Data to examine »
####################
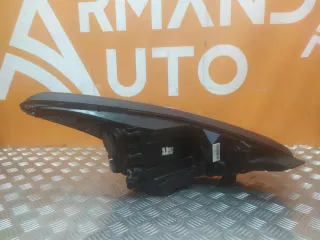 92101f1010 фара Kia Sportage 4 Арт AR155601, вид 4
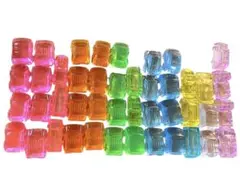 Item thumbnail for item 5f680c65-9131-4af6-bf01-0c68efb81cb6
####################
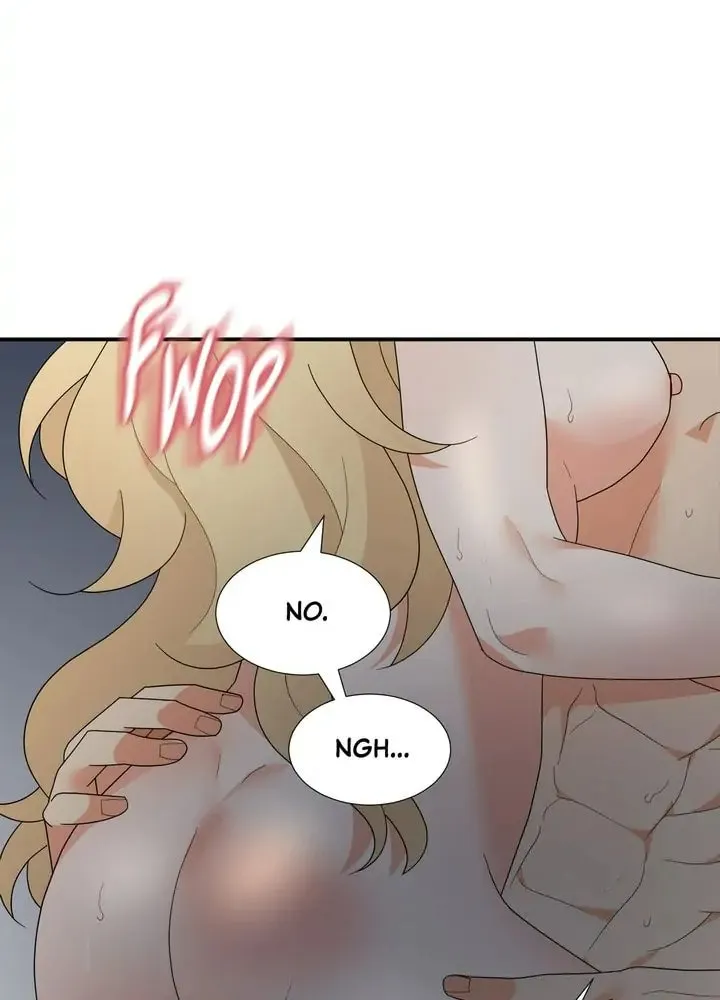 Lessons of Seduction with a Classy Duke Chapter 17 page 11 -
####################
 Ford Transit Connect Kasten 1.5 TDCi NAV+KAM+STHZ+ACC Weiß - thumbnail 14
####################
Exercise aim »
Find the line with "92101f1010 фара Kia" in the entries above. Set down exactly every line from it up to and including the line with "Item thumbnail for", images excluded.

Problem solution »
 92101f1010 фара Kia Sportage 4 Арт AR155601, вид 4
 Item thumbnail for item 5f680c65-9131-4af6-bf01-0c68efb81cb6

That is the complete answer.